▶ _Data extracts_
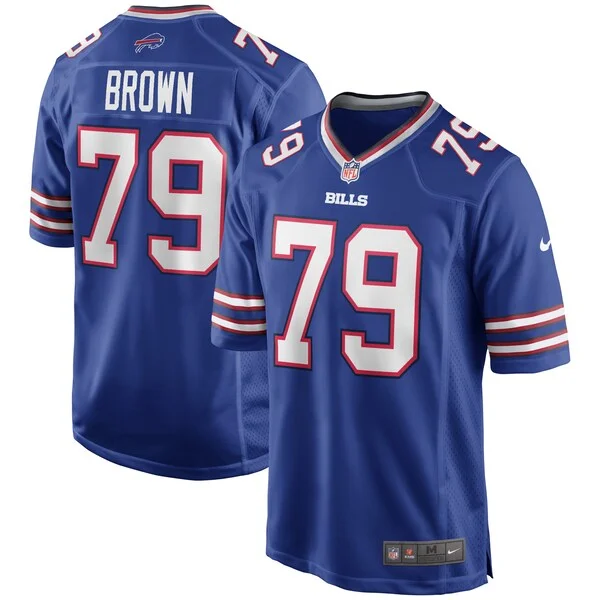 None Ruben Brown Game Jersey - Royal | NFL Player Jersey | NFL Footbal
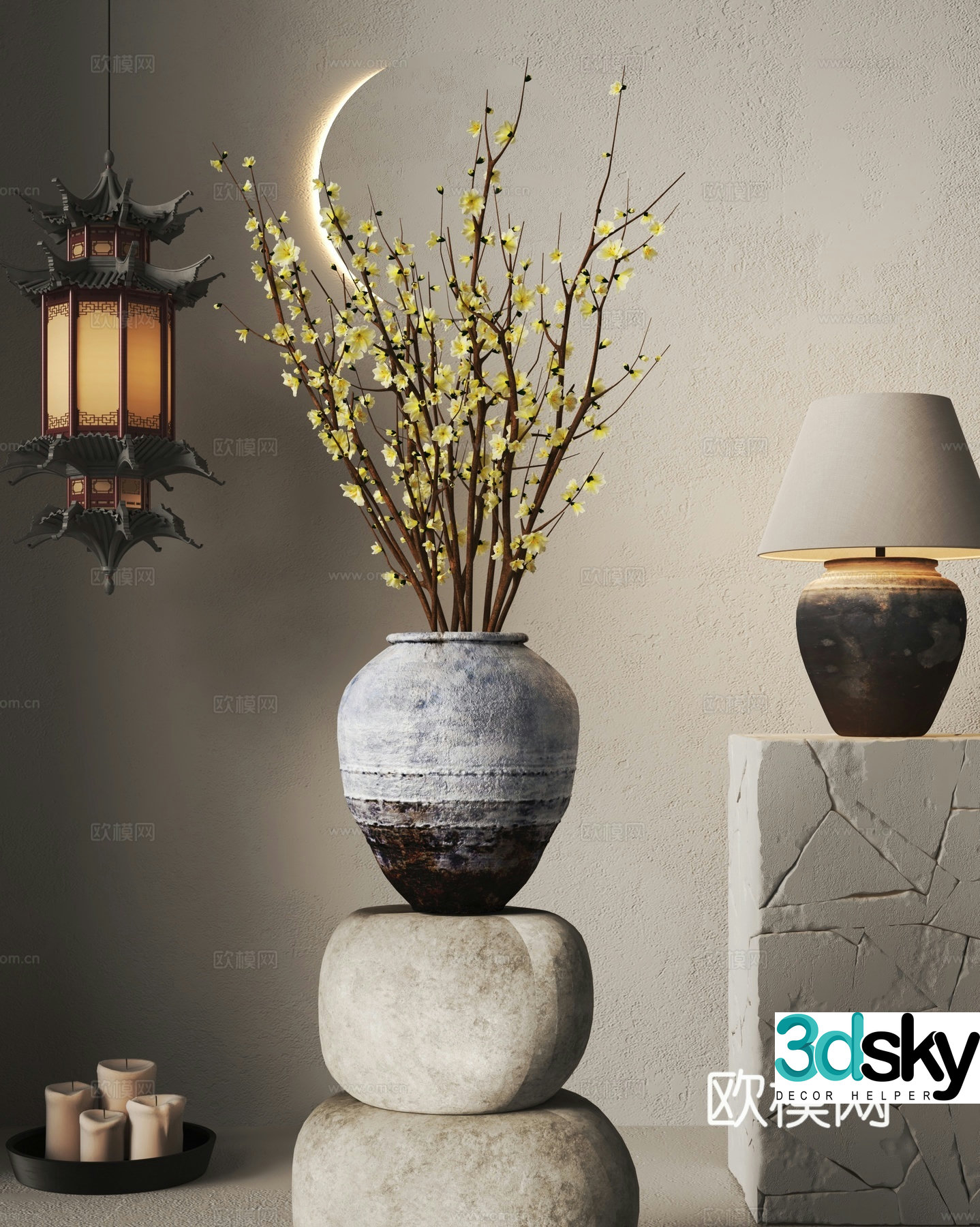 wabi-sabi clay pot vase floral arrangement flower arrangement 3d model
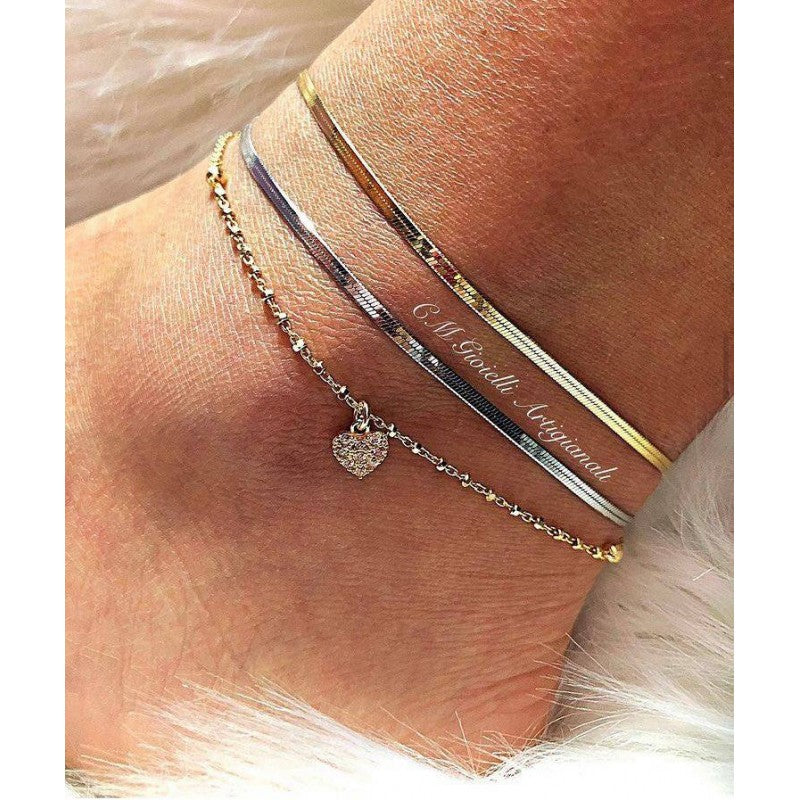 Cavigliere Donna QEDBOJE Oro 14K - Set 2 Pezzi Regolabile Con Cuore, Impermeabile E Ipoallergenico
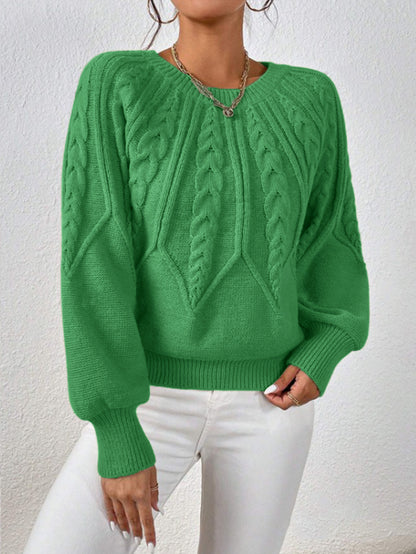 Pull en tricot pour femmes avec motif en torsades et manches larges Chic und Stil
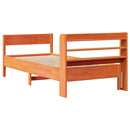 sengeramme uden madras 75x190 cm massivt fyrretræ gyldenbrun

▶ _Required action_
Without any of the pictures, reproduce the listing above exactly.

▶ _Finished task_
 None Ruben Brown Game Jersey - Royal | NFL Player Jersey | NFL Footbal
 wabi-sabi clay pot vase floral arrangement flower arrangement 3d model
 Cavigliere Donna QEDBOJE Oro 14K - Set 2 Pezzi Regolabile Con Cuore, Impermeabile E Ipoallergenico
 Pull en tricot pour femmes avec motif en torsades et manches larges Chic und Stil
 sengeramme uden madras 75x190 cm massivt fyrretræ gyldenbrun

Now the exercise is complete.